L’Ukraine marque mardi le 30e anniversaire de la catastrophe de Tchernobyl, pire accident nucléaire de l’Histoire, ayant fait, selon certaines estimations, des milliers de morts et contaminé jusqu’aux trois quarts de l’Europe.
A cette occasion, le chef de l’Etat ukrainien Petro Porochenko et Suma Chakrabarti, président de la Banque européenne pour la reconstruction et le développement (Berd), qui gère un fonds pour la sécurisation du site, vont se rendre à la centrale accidentée de Tchernobyl, à seulement une centaine de kilomètres au nord de Kiev.

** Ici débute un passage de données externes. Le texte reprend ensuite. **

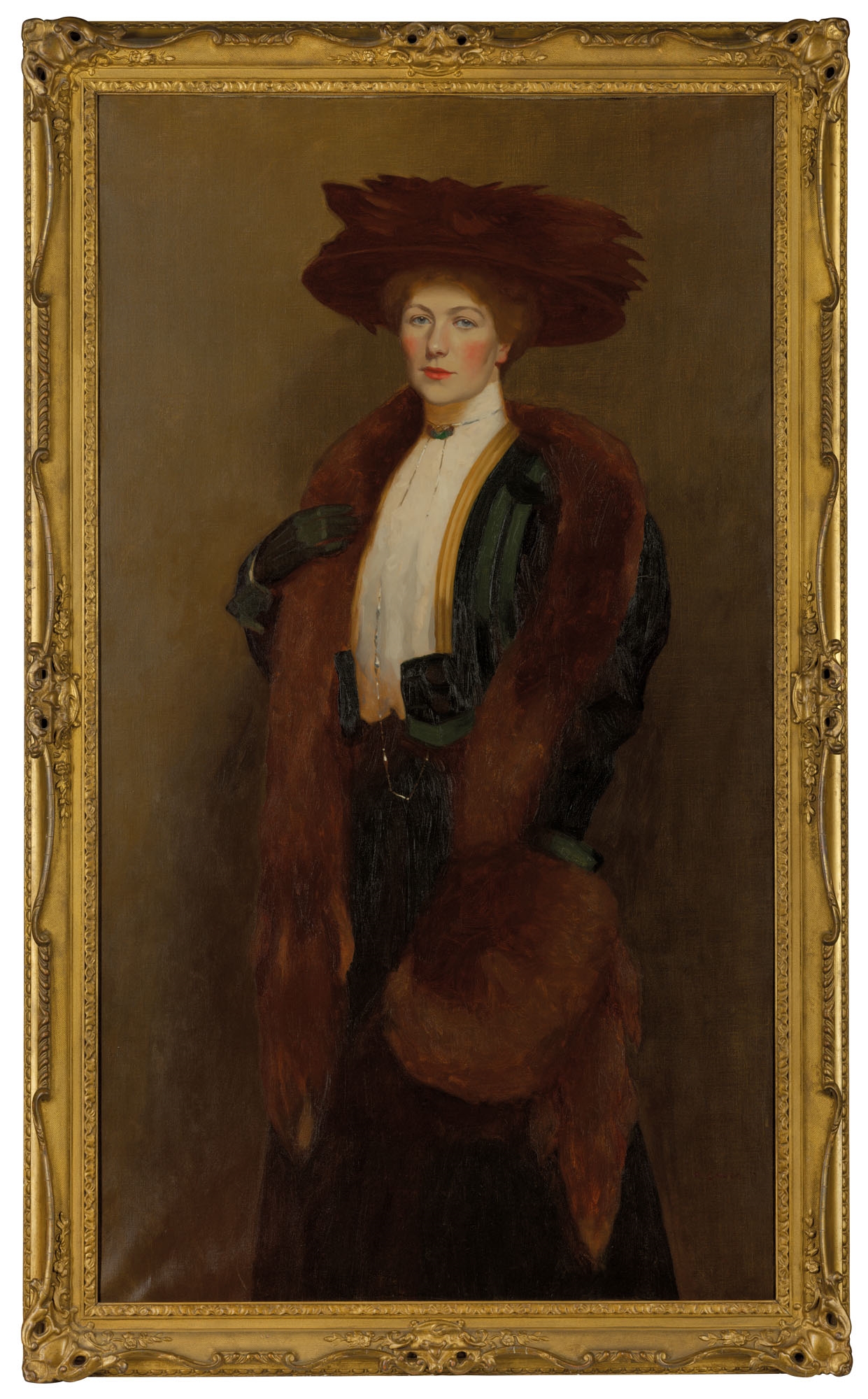 David Gauld Portrait of Mrs Gauld, threequarterlength, with fur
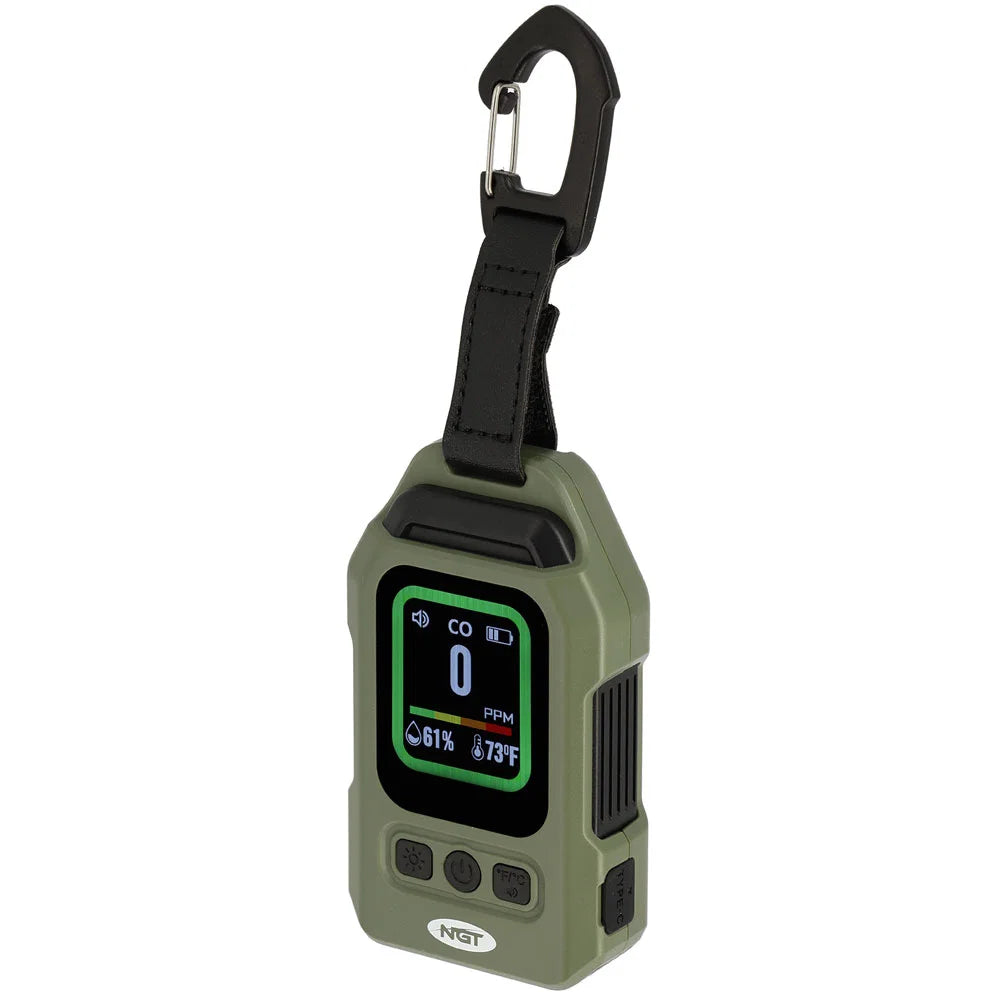 NGT CO Detector - Carbon Monoxide (CO) Detector with Alarm, Thermometer and Light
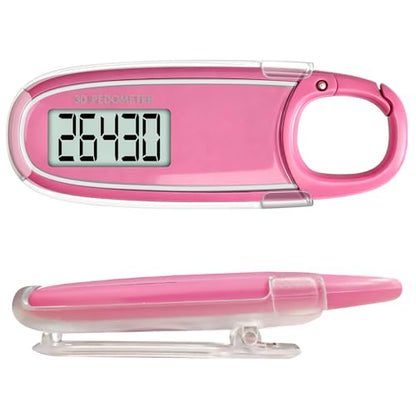 3D Pedometer for Walking with Removable Clip and Carabiner Simple Step Counter for Walking Accurate Clip On Step Tracker for Men Women Kids - color: Pink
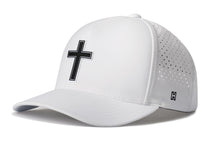 Load image into Gallery viewer, Cross Performance 5-Panel Hat  |  Black PVC Christian Flexfit® Snapback
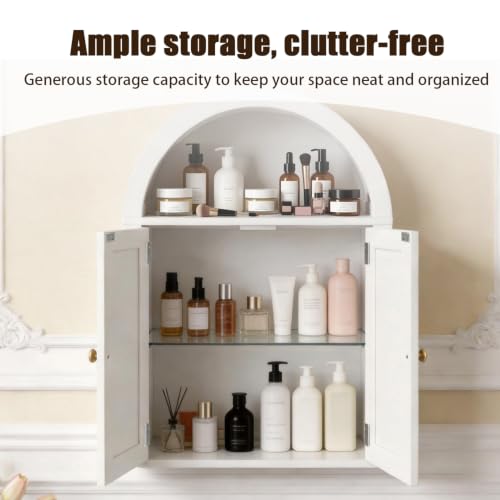 Bathroom Wall Cabinet with LED Light, Over The Toilet Storage Cabinet, Arched Bathroom Cabinet Wall Mount with 2 Doors & Adjustable Shelves, Above Bathroom Sink Cabinet for Laundry Kitchen (White) - color: White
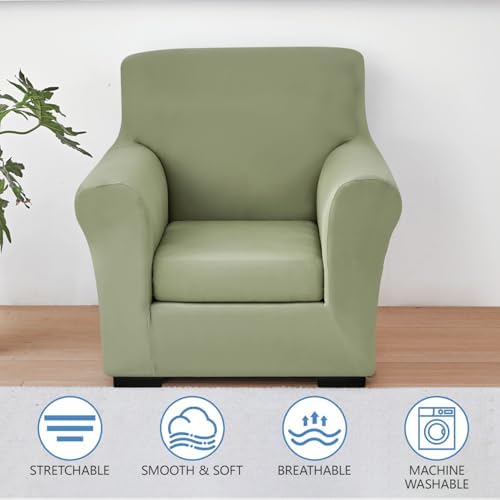 Stretch Sofa Cover Couch Covers, 2-Piece Armchair Cover with Separate Cushion Cover, Washable Soft Spandex Furniture Protector for Living Room(Armchair, Light Green)
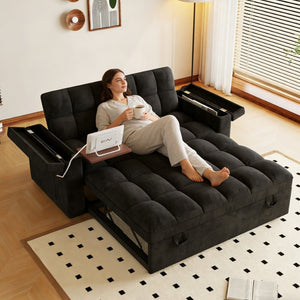 English Elm 65-inch Velvet Convertible Sleeper Sofa with Usb Port Storage Armrests Adjustable Back Black W2564S00114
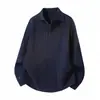 Ropa para Hombre Mu Qiu Sensación Perezosa Relajada Cuello Solapa Tejido de Canalé Manga Larga Polo de Punto Hombre Holgado Peso Pesado Suéter Cálido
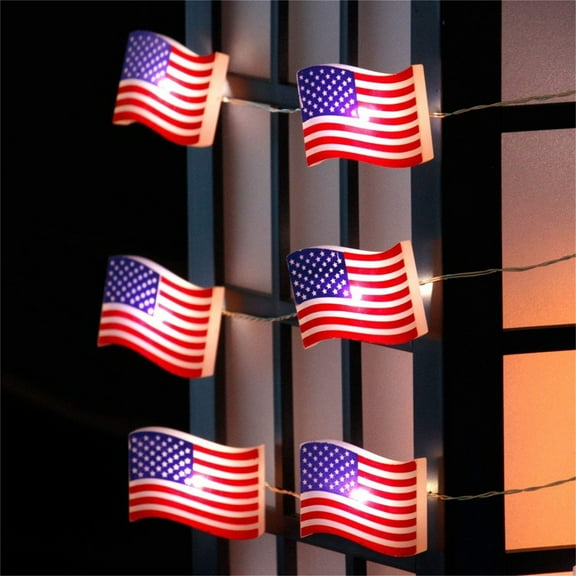 Harlier 4th of July Decor Lights, 10FT American Flag 30 LED String Lights with Remote, 8 Mode Waterproof Battery Operated Patriotic Fairy Lights for Independence Day Memorial Day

Ils vont y déposer des gerbes à la mémoire des victimes de la catastrophe et assister à la signature d’un accord sur l’octroi par la Berd de 40 millions d’euros pour la construction d’un dépôt pour le combustible nucléaire usé de Tchernobyl.
Dans la nuit, des habitants avaient par ailleurs déposé, comme tous les ans, des fleurs et des bougies au pied du monument aux victimes de Tchernobyl à Slavoutitch, ville située à une cinquantaine de kilomètres de la centrale et construite après la catastrophe pour loger des employés du site.
« Trente ans après l’accident de Tchernobyl, il est crucial de mener des efforts conjoints, l’Ukraine et la communauté internationale, pour transformer le site en un lieu sûr pour l’environnement », a souligné M. Chakrabarti à Kiev lundi.
Le 26 avril 1986, à 01H23, le réacteur numéro 4 de la centrale de Tchernobyl explosait au cours d’un test de sûreté.
Pendant dix jours, le combustible nucléaire a brûlé, rejetant dans l’atmosphère des éléments radioactifs qui contaminèrent, selon certaines estimations, jusqu’aux trois quarts de l’Europe, mais surtout l’Ukraine, le Bélarus et la Russie, alors républiques soviétiques.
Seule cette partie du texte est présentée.